_Instructions for the task_:
Each line from the one holding "24 oz Standard" to the last line of the listing must be set down exactly. No pictures are to be included.
* * *
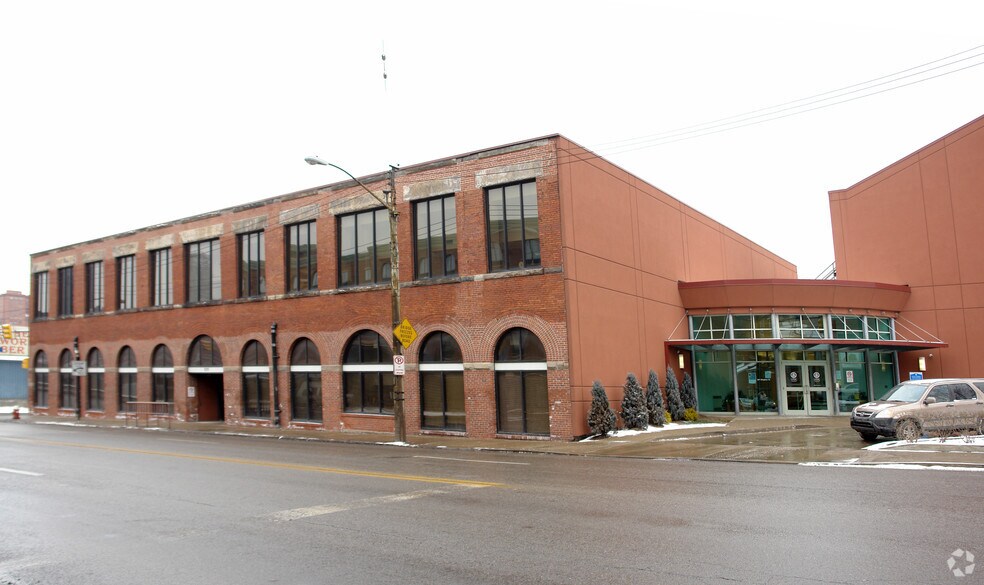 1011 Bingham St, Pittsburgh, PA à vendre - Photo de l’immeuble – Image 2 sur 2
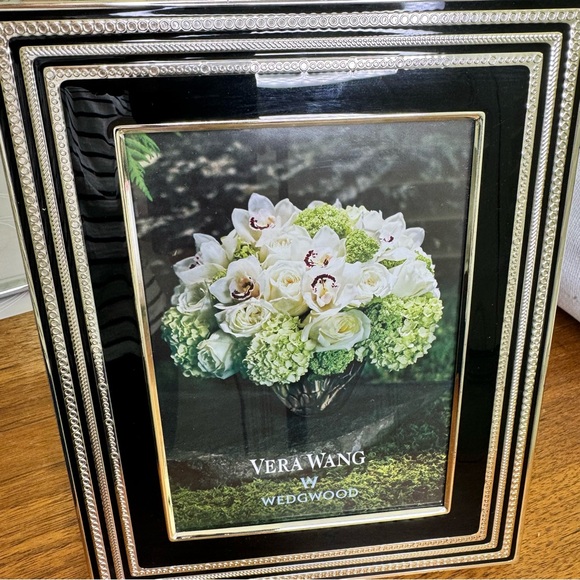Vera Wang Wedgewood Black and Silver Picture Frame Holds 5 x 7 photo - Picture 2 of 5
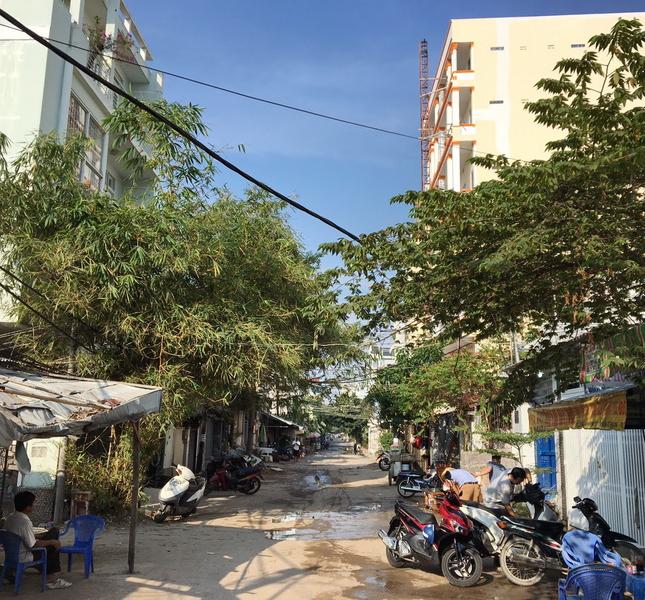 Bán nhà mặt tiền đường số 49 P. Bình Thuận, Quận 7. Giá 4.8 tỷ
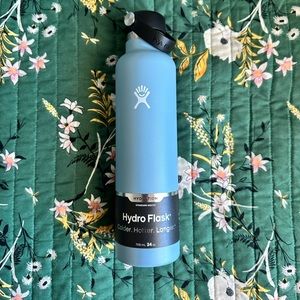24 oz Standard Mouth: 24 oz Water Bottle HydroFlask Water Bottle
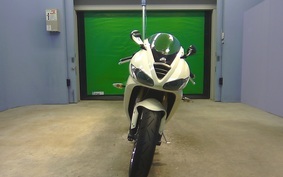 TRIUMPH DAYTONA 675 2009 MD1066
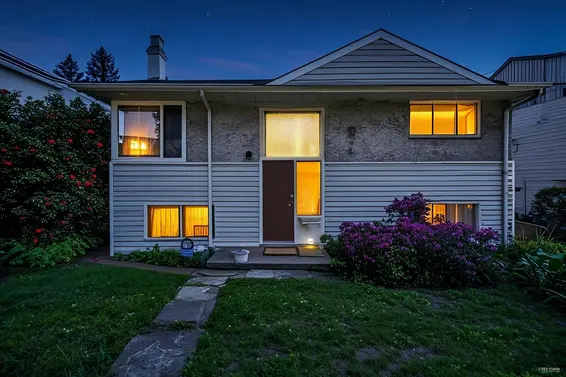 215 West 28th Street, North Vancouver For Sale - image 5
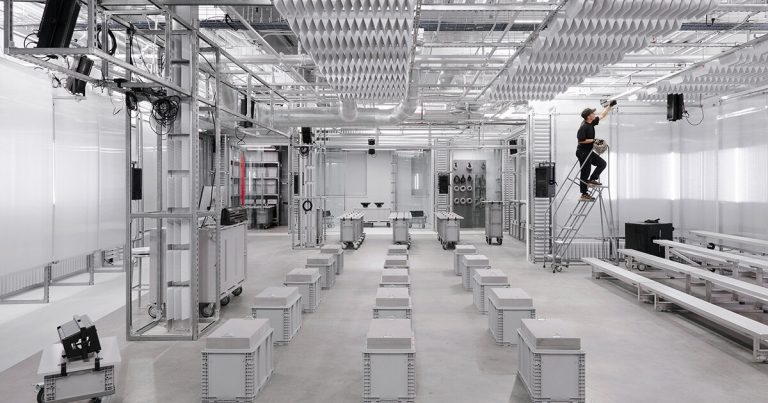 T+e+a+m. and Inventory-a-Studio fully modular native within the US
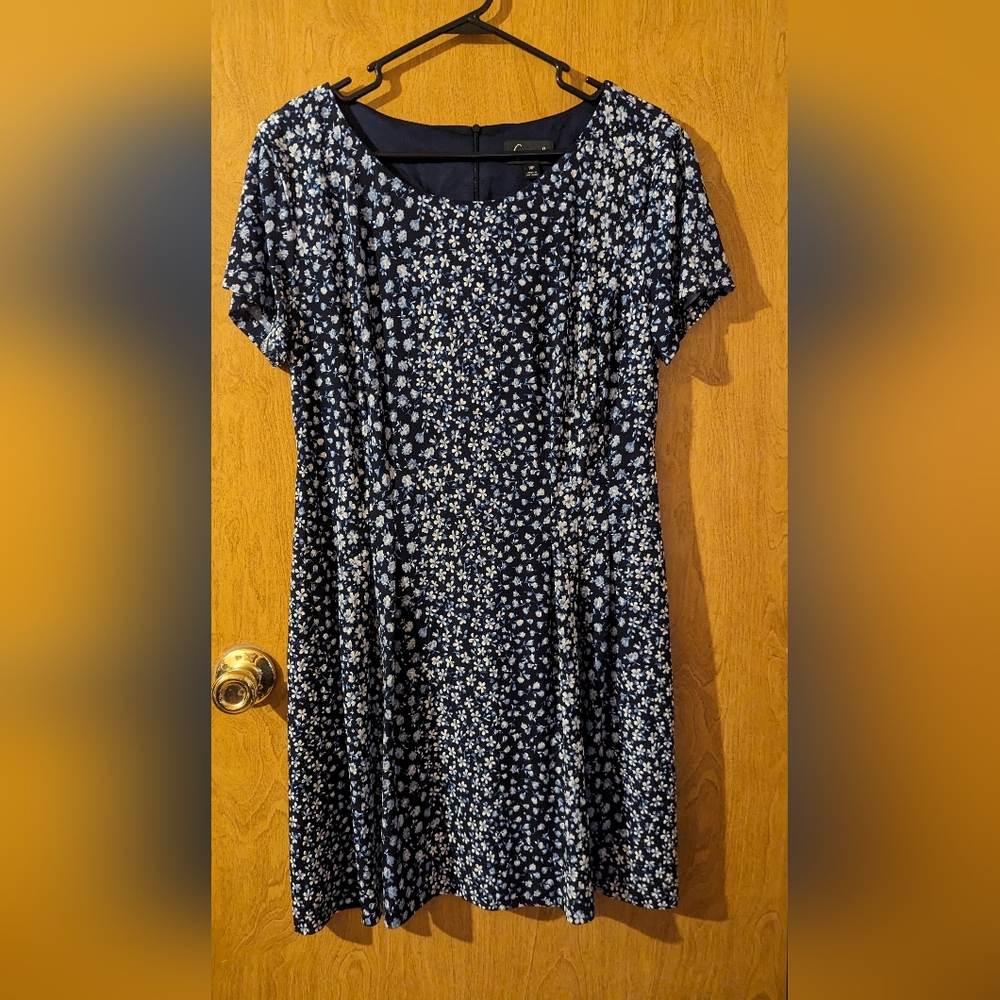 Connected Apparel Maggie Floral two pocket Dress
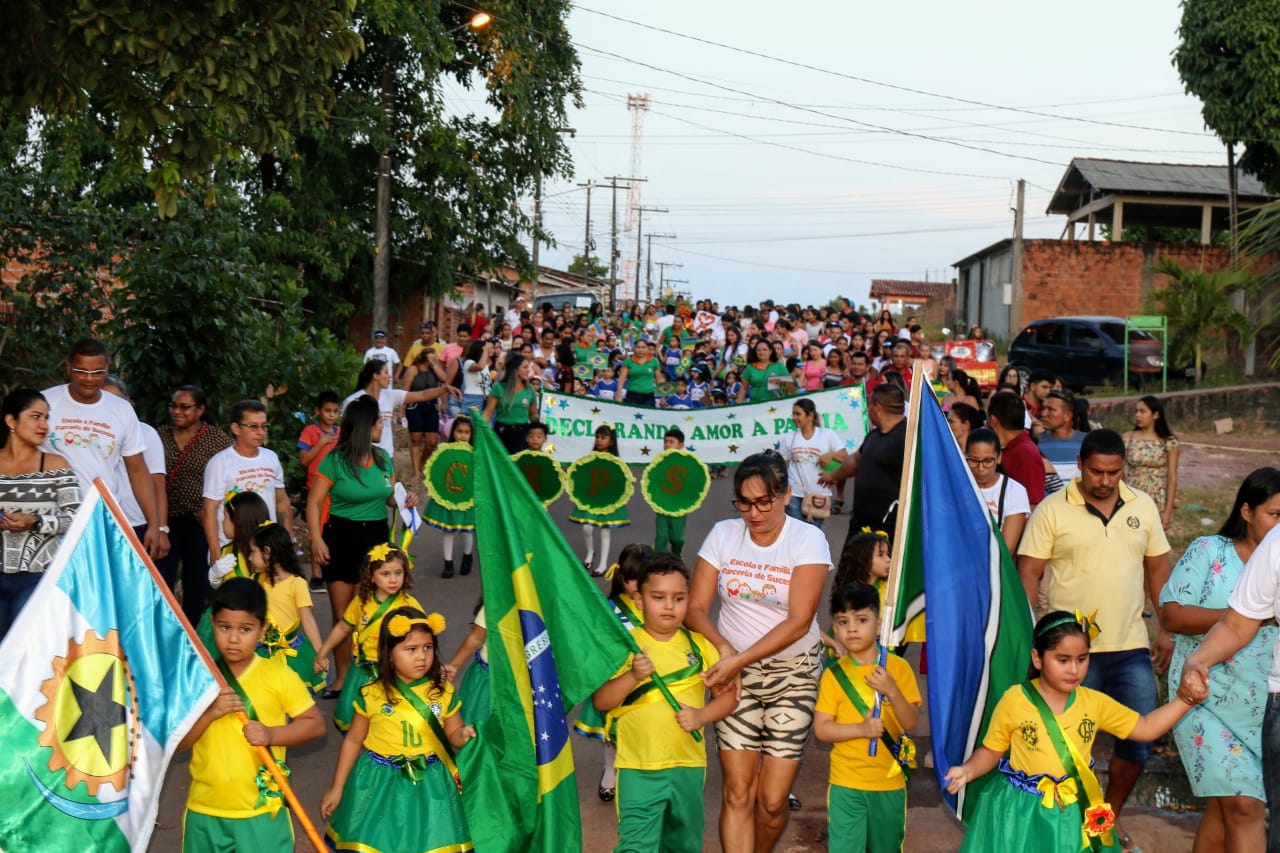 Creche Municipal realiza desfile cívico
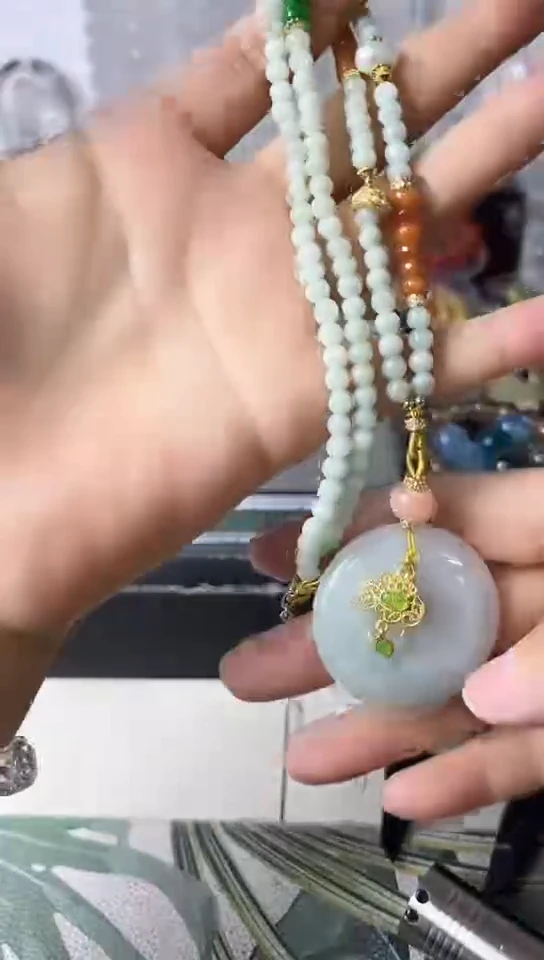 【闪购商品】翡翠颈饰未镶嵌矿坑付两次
* * *
_Output_:
24 oz Standard Mouth: 24 oz Water Bottle HydroFlask Water Bottle
 TRIUMPH DAYTONA 675 2009 MD1066
 215 West 28th Street, North Vancouver For Sale - image 5
 T+e+a+m. and Inventory-a-Studio fully modular native within the US
 Connected Apparel Maggie Floral two pocket Dress
 Creche Municipal realiza desfile cívico
 【闪购商品】翡翠颈饰未镶嵌矿坑付两次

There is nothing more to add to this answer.